What if you overcame a serious illness to go on to win an Olympic medal? Could a writer or filmmaker decide to tell your inspiring story without consulting you? Or do you “own” that story and control how it gets retold?
Michael Oher, the former NFL player portrayed in the 2009 blockbuster The Blind Side, has sued Michael and Anne Leigh Tuohy, the suburban couple who took him into their home as a disadvantaged youth.
In his official complaint, Oher claims that through forgery, trickery or sheer incompetence, the Tuohys enabled 20th Century Fox to acquire the exclusive rights to his life story.
(Excerpt) Read more at channelnewsasia.com ...
Not sure but I would certainly lend an ear to Mike Tyson’s stories.
They should.
I follow David Nino Rodriguez. He would have killed Tyson had they met.
Anyways they own what they have.
Why should they? Especially a convicted rapist.
If you write your autobiography and sell it, that would be protected, but I cannot see why anyone else should be proscribed from writing and sharing someone else’s “life story”. Should Obama, Biden, Trump, Clinton, etc. be in control of writing their “life stories”. Are these called biographies anyway?
“Not sure but I would certainly lend an ear to Mike Tyson’s stories.”

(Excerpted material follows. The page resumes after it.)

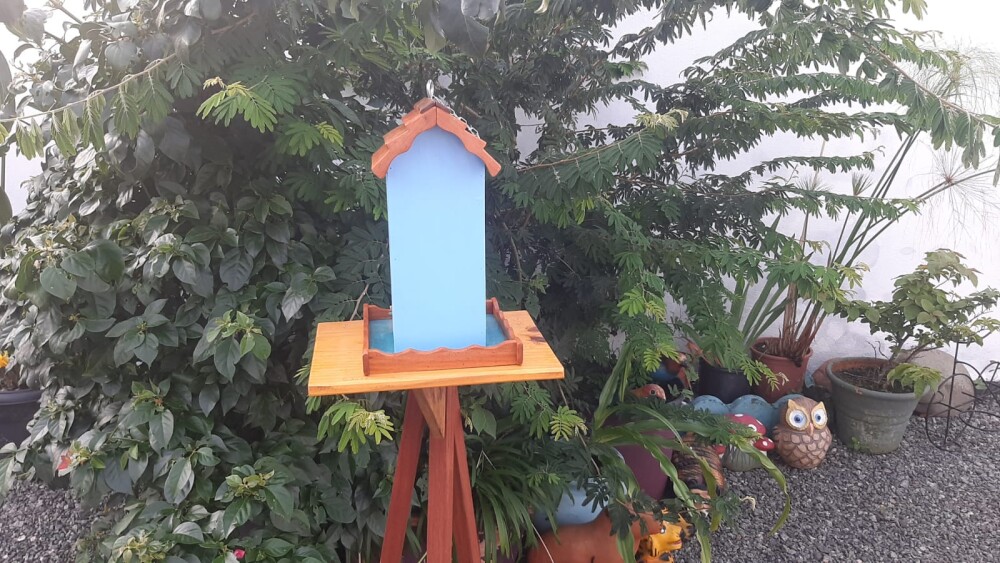 Casinha Comedouro para Pássaros em Madeira | Eu Criativo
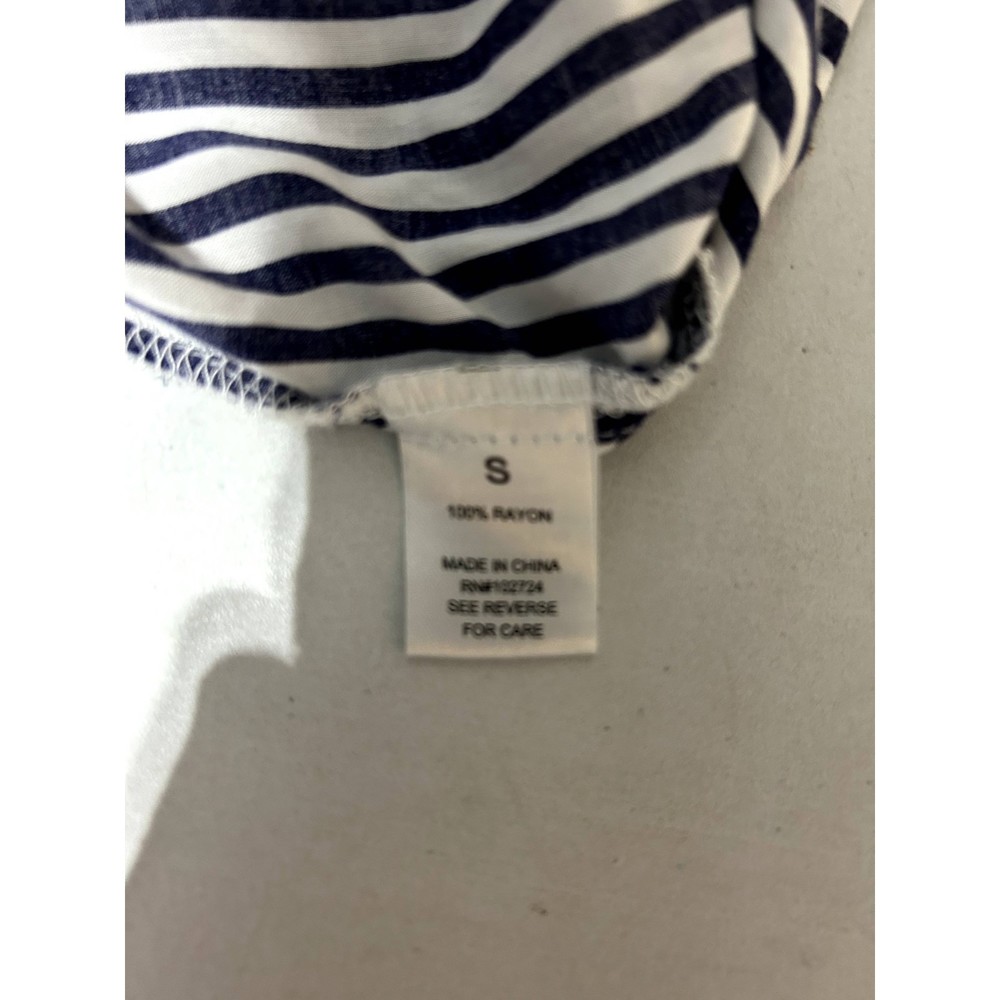White and Navy Blue Botton Down Top - Picture 6 of 8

Nobody took the bait/bite on your post.
Nino had 37 ko’s in 39 bouts.
Golf clap
Come on man, a guy has to eat.
What am I missing??
“to promote the progress of science and useful arts, by securing for limited times to authors and inventors the exclusive rights to their respective writings and discoveries”
If one wants rights to a story, write it down first.
Citizen Kane was a thinly disguised bio of WR Hearst.
It could be argued that the movie was about the Tuohy family. Oher was just a character they interacted with.
The Tuohys weren't exactly potted plants in this story.
One can argue that the Touhys were more "famous" in Tennessee during the timeframe depicted in the movie than Michael Oher was.
It was just as much a story of a Christian family taking in a troubled child who grew up to become a famous athlete, and not a story about Oher and his "fame" in the NFL.
-PJ
-PJ
“forgery”
“trickery”
He wins.
“sheer incompetence”
They win.
He is also a practicing Christian; he attributes the turnaround of his alcoholism to his Christian faith.
So there is no chance that Nino would have had a chance to fight for the title, should his injuries not been so career ending.
“Rosebud”
That's what they say, but to me the character seemed to have a lot of similarities to Rockefeller.
Try doing a movie or book exclusively about Dale Earhart Sr. and see what The Wicked Witch of the East says about it via her lawyers.